Heanor Pubs, clubs and beerhouses
replied on: 9/28/2005 7:49:29 PM

Hi,
I've not found anything about the Admiral Rodney, but I found this the year after:

Ripley and Heanor News
13th March 1914
HEANOR CROWN INN DOOMED
Mr. Huish (magistrate’s clerk) informed the Bench that at the general annual licensing meeting a month ago the Justices gave instructions that Mrs Lomax, the licensee of the Crown Inn, attend that day, when they would consider the question of the renewal of her licence. The usual notices had been given and admitted, and the grounds mentioned in the notices of objections were that the licence was not required to meet the needs of the public of Heanor in this particular locality. If the bench decided to refer the house, they would have to give a report to the authority at Derby.

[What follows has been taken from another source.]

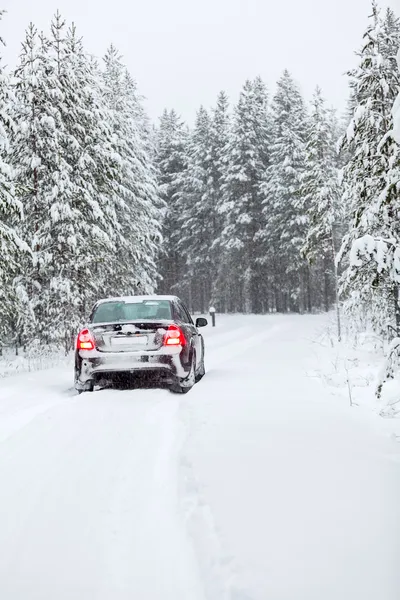 Αυτοκίνητο οδήγησης σε έναν επαρχιακό δρόμο στο χειμερινό δάσος — Φωτογραφία Αρχείου
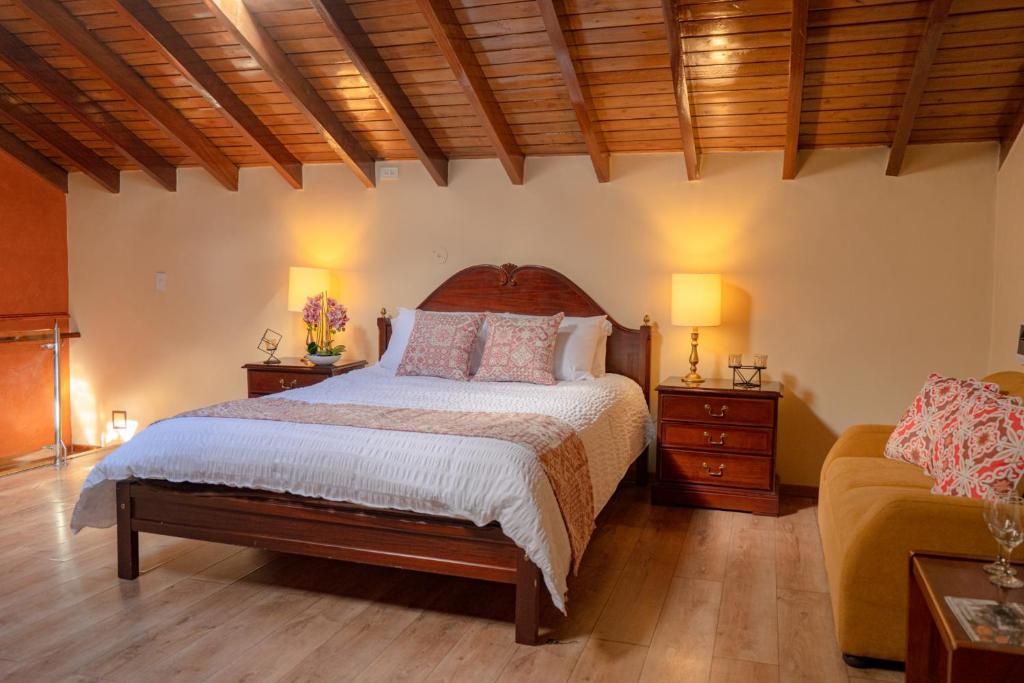 ein Schlafzimmer mit einem Bett, zwei Tischen und einem Sofa in der Unterkunft Fantástico Loft Centro Histórico Quito in Quito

Mr. F. G. Robinson represented the licensee and Mr. F. Burgis represented the Notts and Derbyshire Tramways Co.
Supt. Walker expressed the opinion that the licence was not necessary in the interest of the public, and that the present structural condition of the house was not suitable.
Mr. Robinson formally objected to the licence being referred, as it meant that his client would lose her livelihood.
Mr. Burgis assured Mr. Robinson that the tenant’s rights would be quite unprejudiced by any proceedings in court that day. So far as his (Mr. Burgis’s) clients were concerned, they would bow to the decision of the bench, and try to make the best of a bad job. Sir William Smith, in intimating that the licence would be referred, said they had taken notice of what Mr. Burgis had said – that Mrs Lomax should be allowed generous consideration at the hands of the Tramways Company.